#### DATA TO PROCESS:
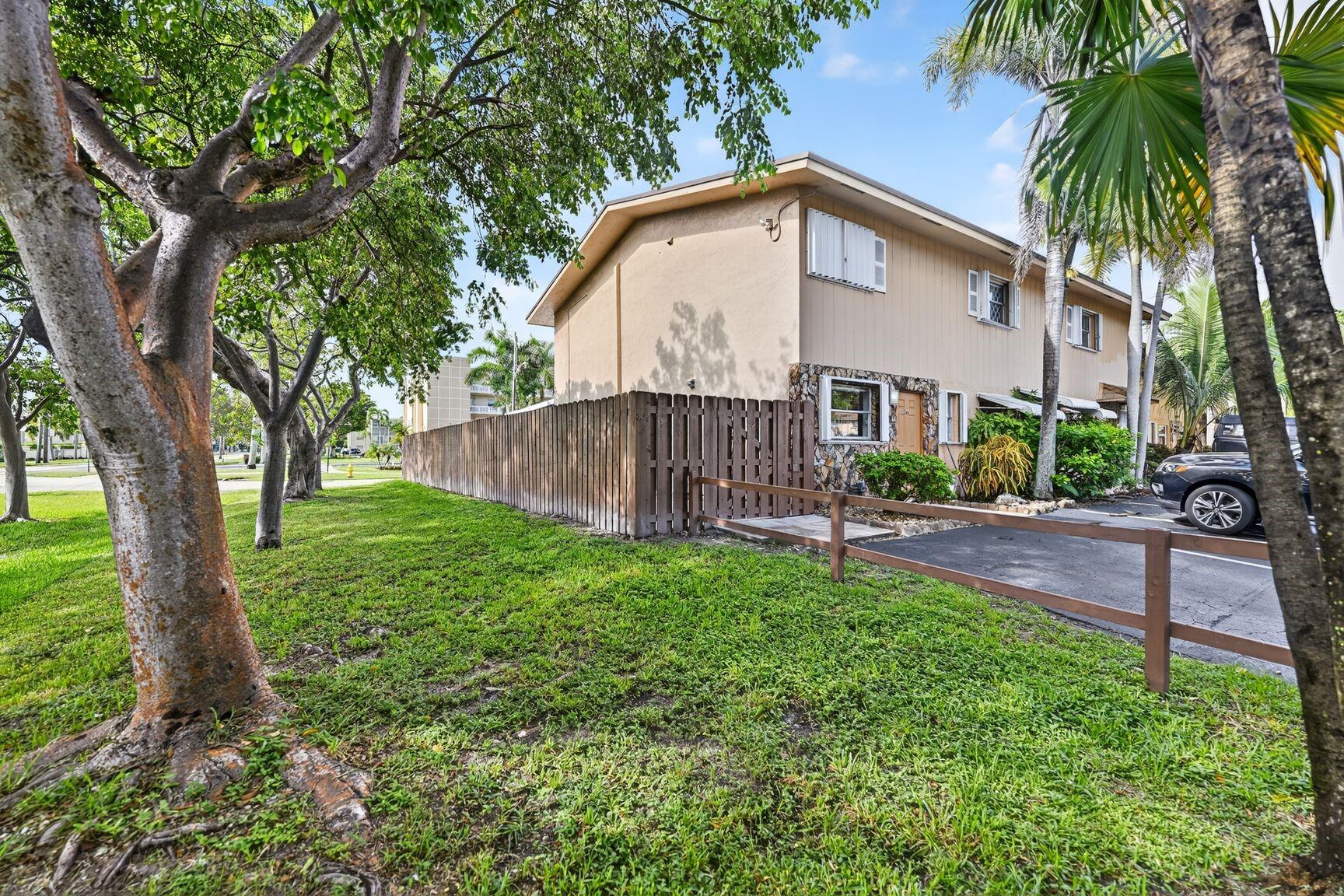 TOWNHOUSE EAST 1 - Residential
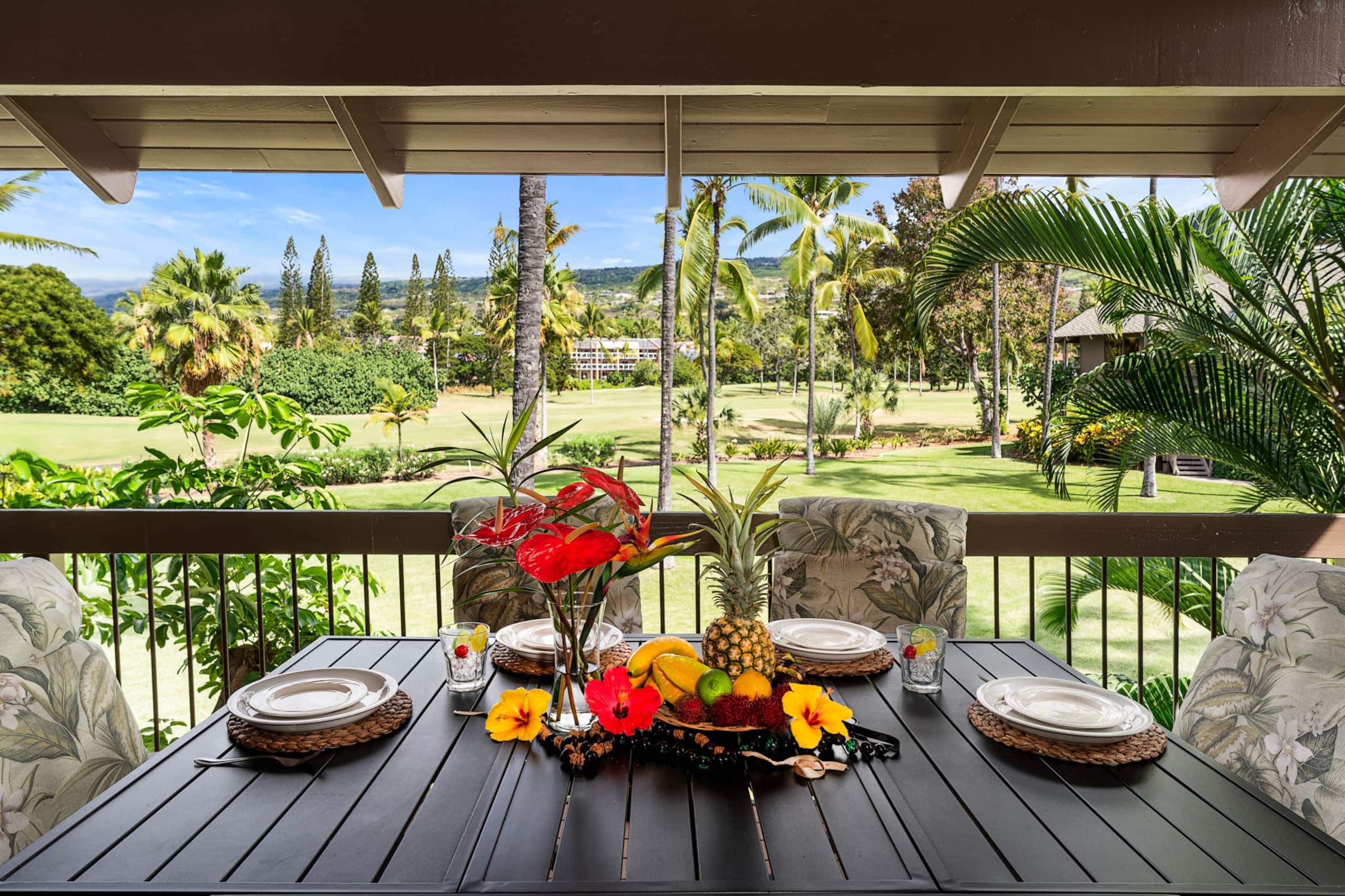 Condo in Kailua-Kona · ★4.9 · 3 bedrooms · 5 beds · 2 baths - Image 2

...

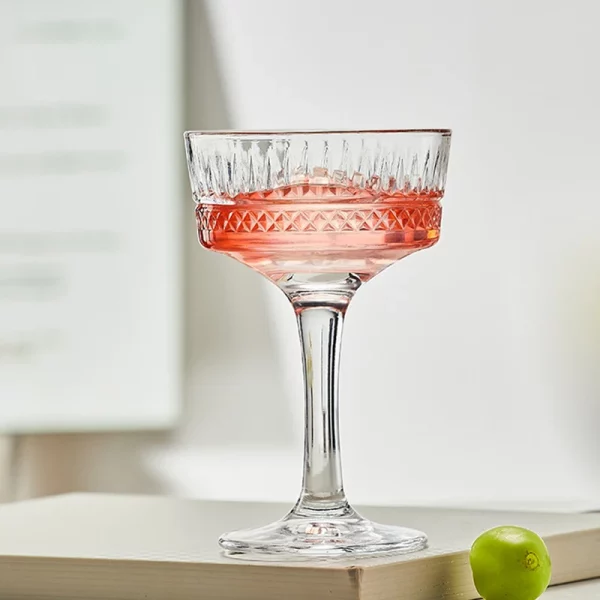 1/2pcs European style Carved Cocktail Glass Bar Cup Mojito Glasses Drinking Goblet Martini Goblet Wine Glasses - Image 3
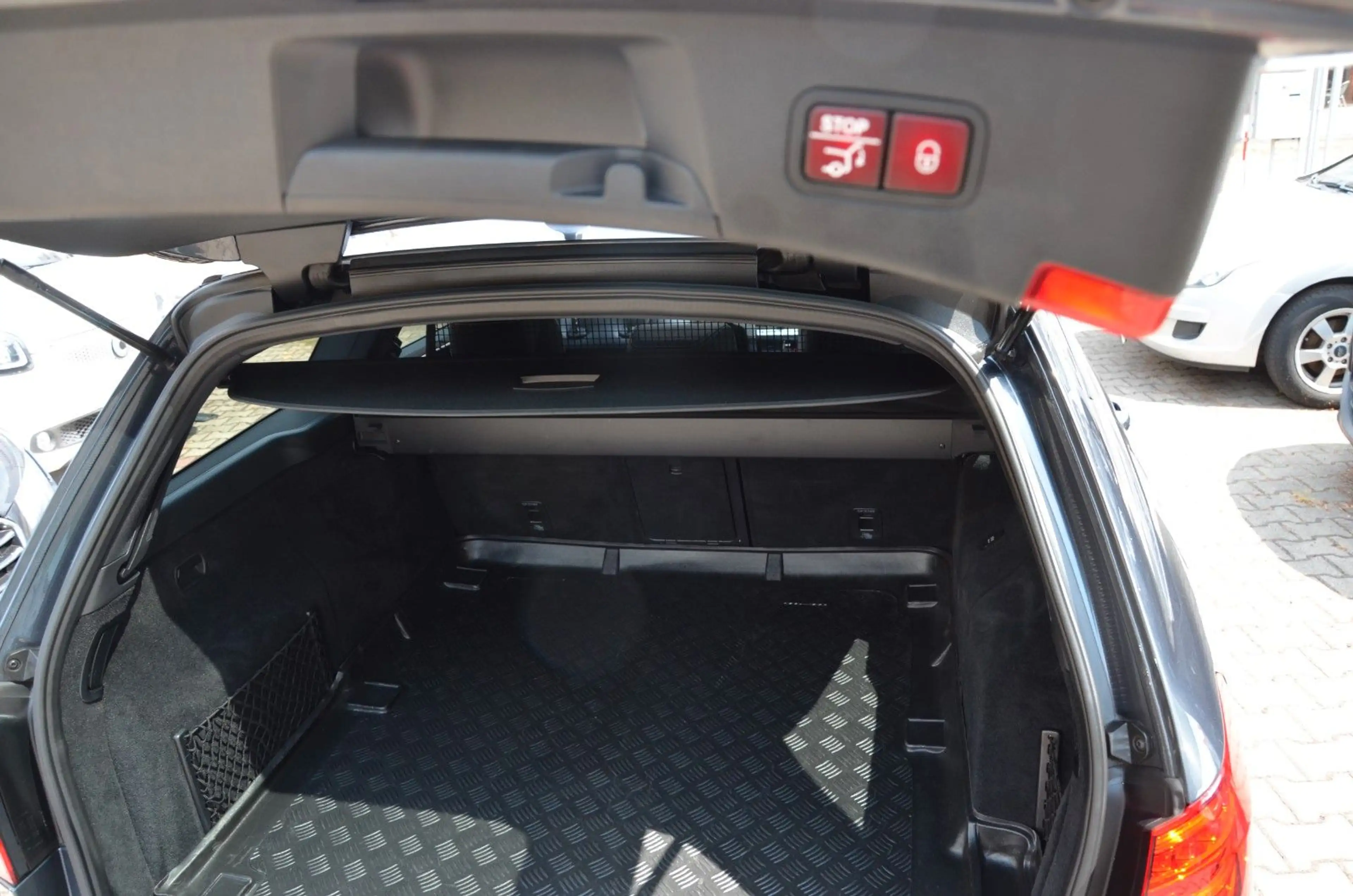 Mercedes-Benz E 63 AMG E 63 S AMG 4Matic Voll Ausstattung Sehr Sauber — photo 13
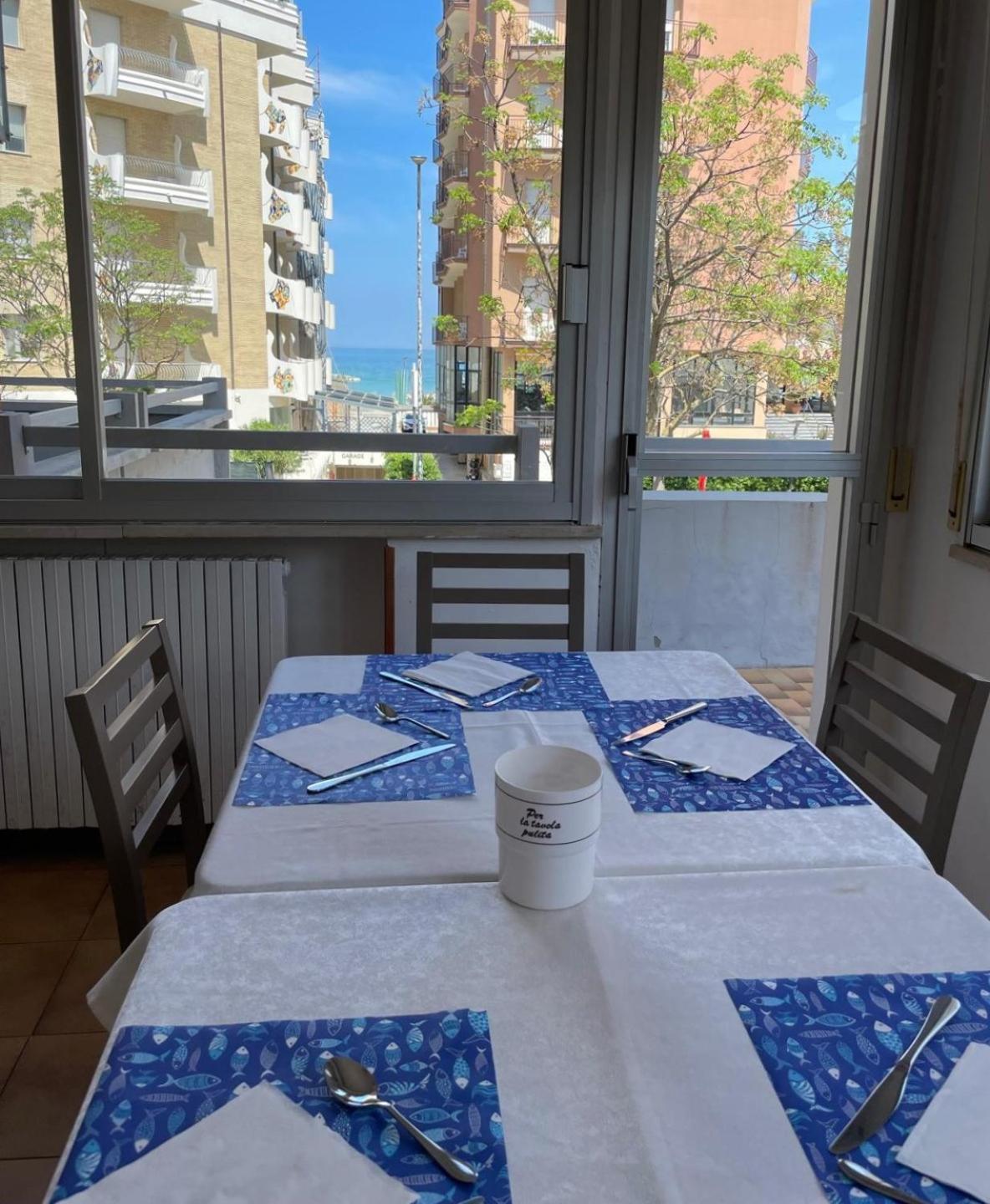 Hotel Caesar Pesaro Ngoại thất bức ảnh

#### ASSIGNED TASK:
All lines above starting at the one with "TOWNHOUSE EAST 1 - Residential" and ending at the one with "Condo in Kailua-Kona", inclusive, are to be printed again exactly, with the pictures left out.

#### TASK SOLUTION:
 TOWNHOUSE EAST 1 - Residential
 Condo in Kailua-Kona · ★4.9 · 3 bedrooms · 5 beds · 2 baths - Image 2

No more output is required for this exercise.